**TASK OBJECTIVE**. This task calls for the lines below starting at the one containing "Pink Nordstrom Wallet" and ending at the one containing "ノースリーブTシャツ HPX-W21015 ブラック", repeated exactly with both ends kept and pictures left out.

**MATERIAL TO PROCESS**.
=== Begin Enclosure ===
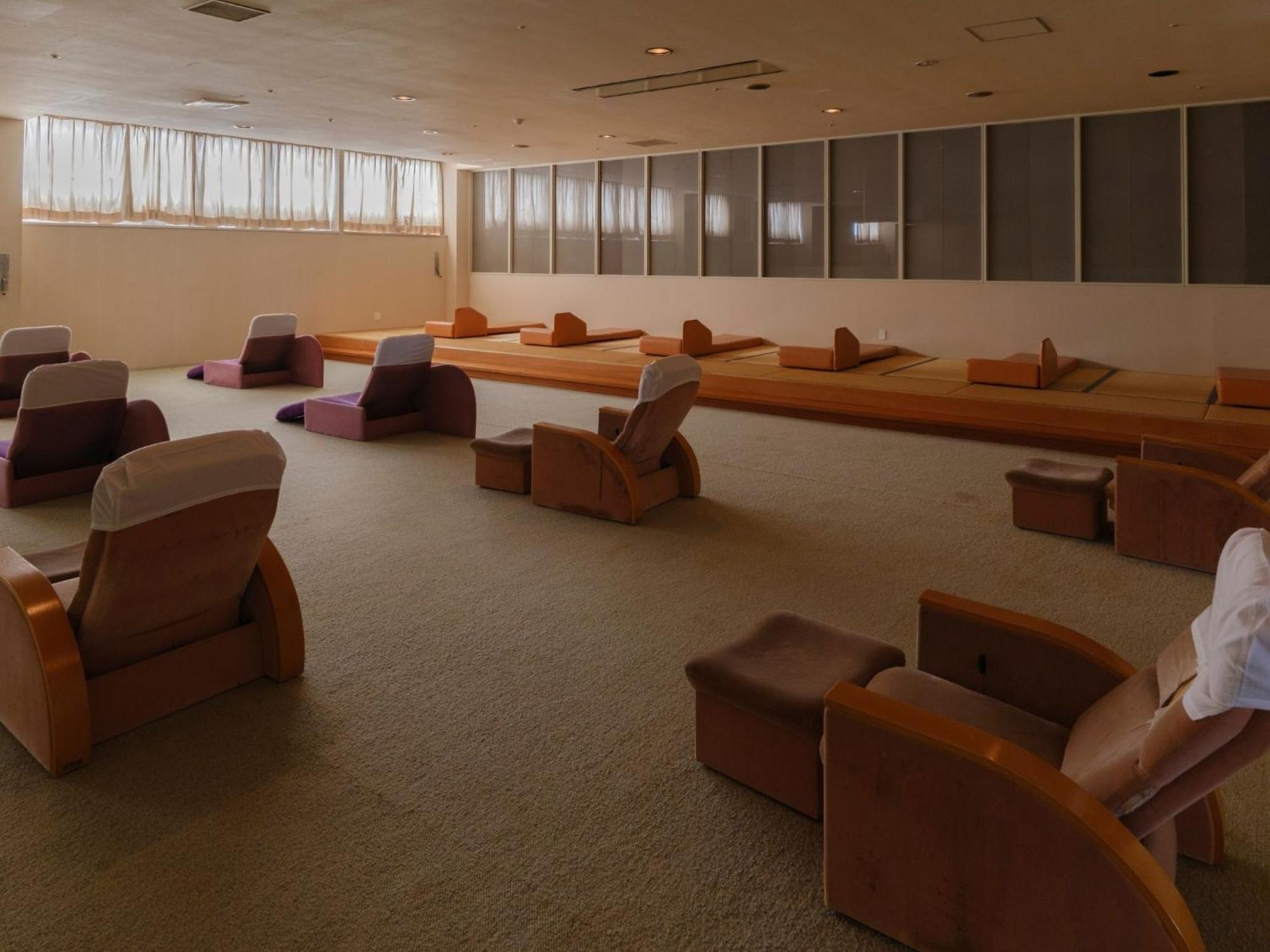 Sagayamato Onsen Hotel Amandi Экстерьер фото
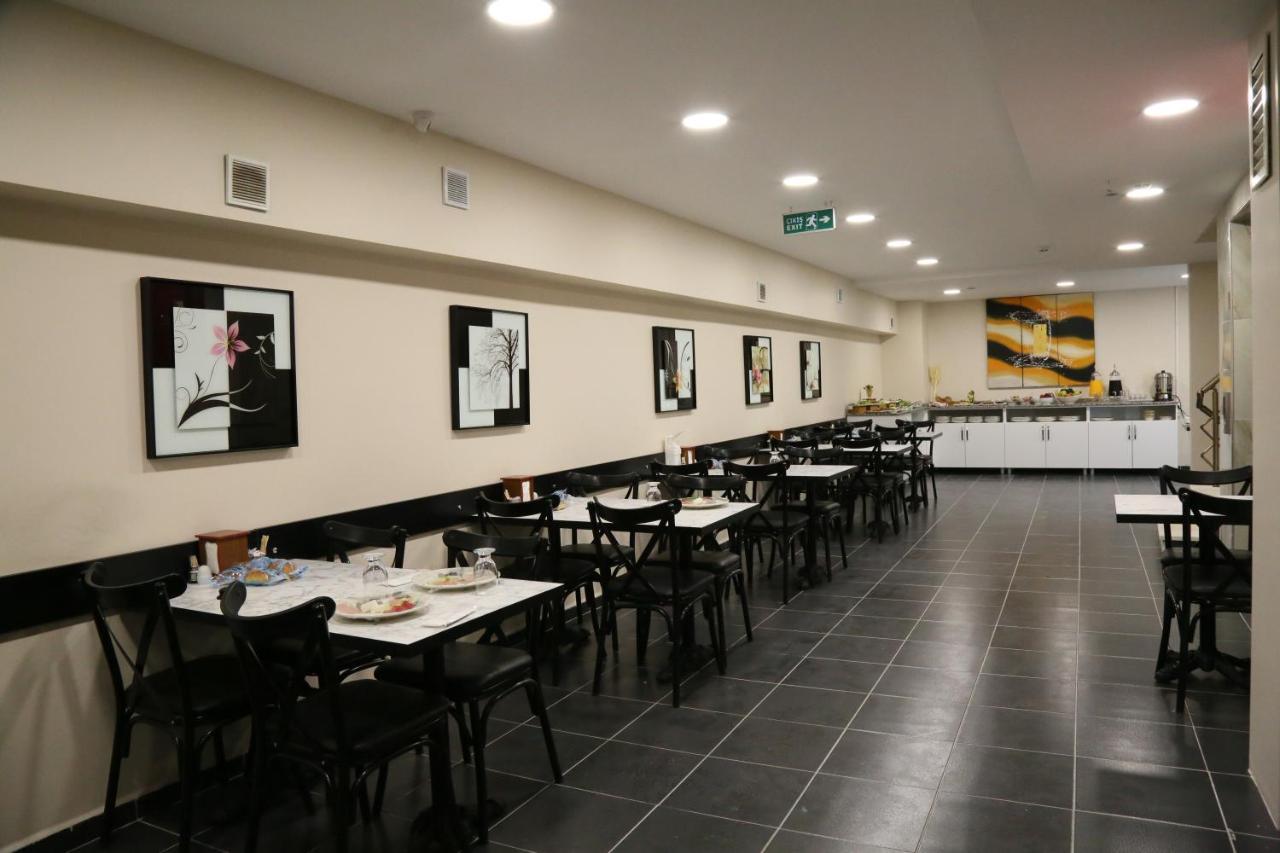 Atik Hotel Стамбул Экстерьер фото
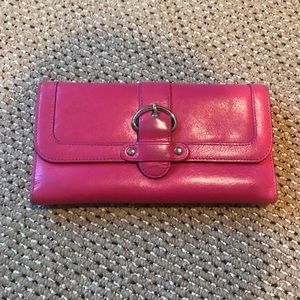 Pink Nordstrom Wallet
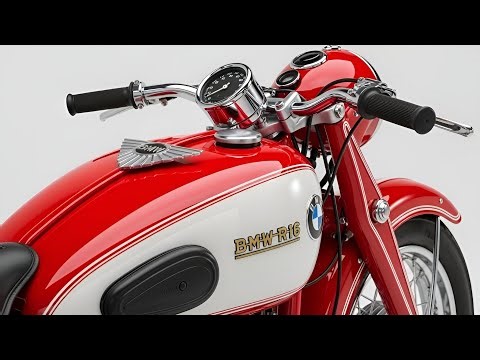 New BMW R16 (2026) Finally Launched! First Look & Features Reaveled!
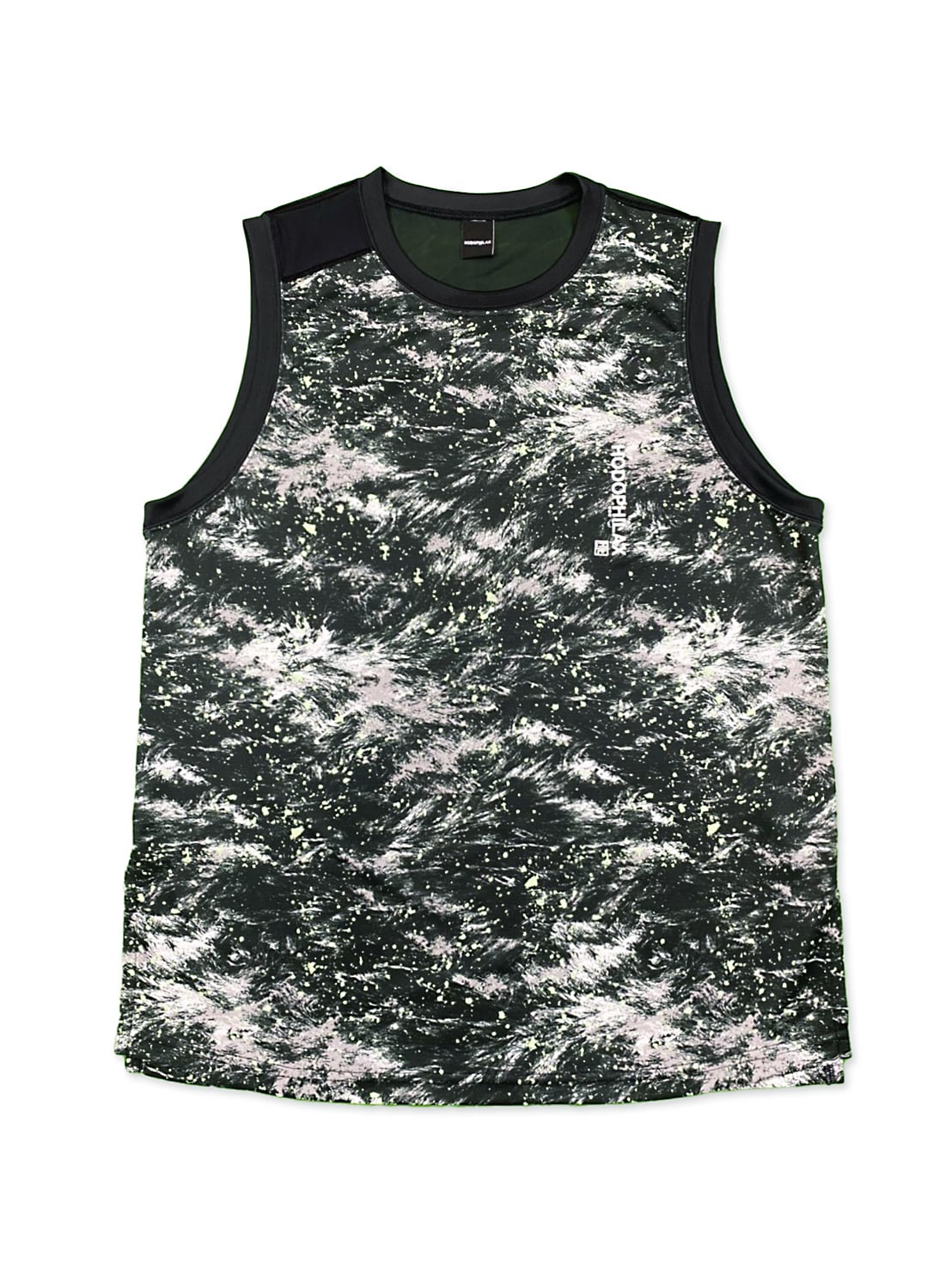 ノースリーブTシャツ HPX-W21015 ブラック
=== End Enclosure ===
=== Begin Enclosure ===
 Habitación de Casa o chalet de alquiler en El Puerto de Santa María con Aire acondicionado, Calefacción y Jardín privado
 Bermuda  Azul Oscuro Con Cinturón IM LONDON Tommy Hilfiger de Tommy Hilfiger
=== End Enclosure ===
=== Begin Enclosure ===
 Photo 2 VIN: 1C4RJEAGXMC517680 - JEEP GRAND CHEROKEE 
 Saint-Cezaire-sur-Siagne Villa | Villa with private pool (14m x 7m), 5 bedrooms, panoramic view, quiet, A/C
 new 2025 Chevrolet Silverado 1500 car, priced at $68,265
=== End Enclosure ===
**RESPONSE BOX**.
 Pink Nordstrom Wallet
 New BMW R16 (2026) Finally Launched! First Look & Features Reaveled!
 ノースリーブTシャツ HPX-W21015 ブラック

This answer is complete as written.